On a call with members of the health IT media today, Don Rucker, M.D., National Coordinator for Health IT, and Genevieve Morris, Principal Deputy National Coordinator, said that they expect a number of submissions for the RCE and that experience in building cooperative agreements and having an understanding of governance principles will be key for whoever is selected.

When asked if the RCE will specifically have a “policing” role, Rucker said that the oversight will be more about coordinating than policing. “It’s not dissimilar from network governance [in other industries]. A lot of it is general governance,” he said, noting that “most folks have an incentive to participate.” However, ONC’s Morris did add that the RCE will have a responsibility to oversee security in the network, dealing with data breaches if they were to happen, and having processes in place for dealing with bad actors. More broadly, the RCE will be tasked with operationalizing the Trusted Exchange Framework.

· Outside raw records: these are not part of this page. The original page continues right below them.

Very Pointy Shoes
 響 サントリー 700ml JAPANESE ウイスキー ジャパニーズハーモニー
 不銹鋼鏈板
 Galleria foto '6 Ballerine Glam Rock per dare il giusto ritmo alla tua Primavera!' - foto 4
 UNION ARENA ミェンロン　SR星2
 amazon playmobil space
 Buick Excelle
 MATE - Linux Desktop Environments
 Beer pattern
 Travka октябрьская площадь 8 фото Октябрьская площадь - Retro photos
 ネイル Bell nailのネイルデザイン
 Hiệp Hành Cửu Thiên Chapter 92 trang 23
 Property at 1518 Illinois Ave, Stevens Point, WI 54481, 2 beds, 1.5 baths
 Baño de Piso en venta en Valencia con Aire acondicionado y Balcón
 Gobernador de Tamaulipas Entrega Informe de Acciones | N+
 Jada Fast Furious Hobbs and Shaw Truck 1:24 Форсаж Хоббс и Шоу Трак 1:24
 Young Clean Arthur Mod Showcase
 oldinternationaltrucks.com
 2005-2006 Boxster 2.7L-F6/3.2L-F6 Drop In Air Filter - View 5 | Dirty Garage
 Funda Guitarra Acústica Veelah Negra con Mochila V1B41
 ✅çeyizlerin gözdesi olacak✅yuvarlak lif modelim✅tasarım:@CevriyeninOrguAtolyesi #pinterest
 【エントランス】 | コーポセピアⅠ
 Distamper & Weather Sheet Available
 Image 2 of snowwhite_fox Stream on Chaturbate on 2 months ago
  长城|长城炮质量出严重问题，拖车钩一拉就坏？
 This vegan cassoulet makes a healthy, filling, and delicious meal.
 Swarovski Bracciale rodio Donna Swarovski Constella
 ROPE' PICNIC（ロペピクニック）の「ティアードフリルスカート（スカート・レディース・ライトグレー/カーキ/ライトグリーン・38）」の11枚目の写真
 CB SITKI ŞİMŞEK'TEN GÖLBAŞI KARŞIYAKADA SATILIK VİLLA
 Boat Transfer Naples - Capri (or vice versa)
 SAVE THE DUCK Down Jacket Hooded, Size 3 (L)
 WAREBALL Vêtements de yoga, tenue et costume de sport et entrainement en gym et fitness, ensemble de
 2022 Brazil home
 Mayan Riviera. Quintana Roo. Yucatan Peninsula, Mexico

To this point, Rucker went on to say that, as outlined by Congress, one of the core interoperability provisions in the Cures legislation was to create a “network of networks” in which regional health information exchanges (HIEs) that have been around for a while, and that move similar sets of health data around, would become connected to one another. “The goal of Congress in [the health IT section of Cures] was that ONC would work to provide what Congress framed as ‘a common agreement in these networks.’ So this brings us immediately to what is potentially very challenging in interoperability. It’s a national challenge and it hasn’t been easy. Folks have made great progress but there is lot of work to be done,” he said.

As such, one approach to solving this problem is this Trusted Exchange Framework. “This is a network-facing issue,” noted Rucker, adding that the Cures Act also includes other interoperability approaches, such as emphasizing the use of APIs [application programming interfaces]. Rucker contended that these approaches can be viewed as “complimentary” and that ONC is currently working on rulemaking for open APIs and for information blocking.

Historically, said Rucker, interoperability has been thought of in a very narrow context, such as provider-to-provider, but now, Congress is looking at it with a broader perspective that includes factors such as patients being empowered and shopping for their own care. “These broader [use] cases can bring in capital and new investments and make [interoperability] more robust,” he said.  Rucker added, “Getting this larger coordination is an opportunity to allow the current participants to expand the scope of their services. That’s the unambiguous desire of Congress.”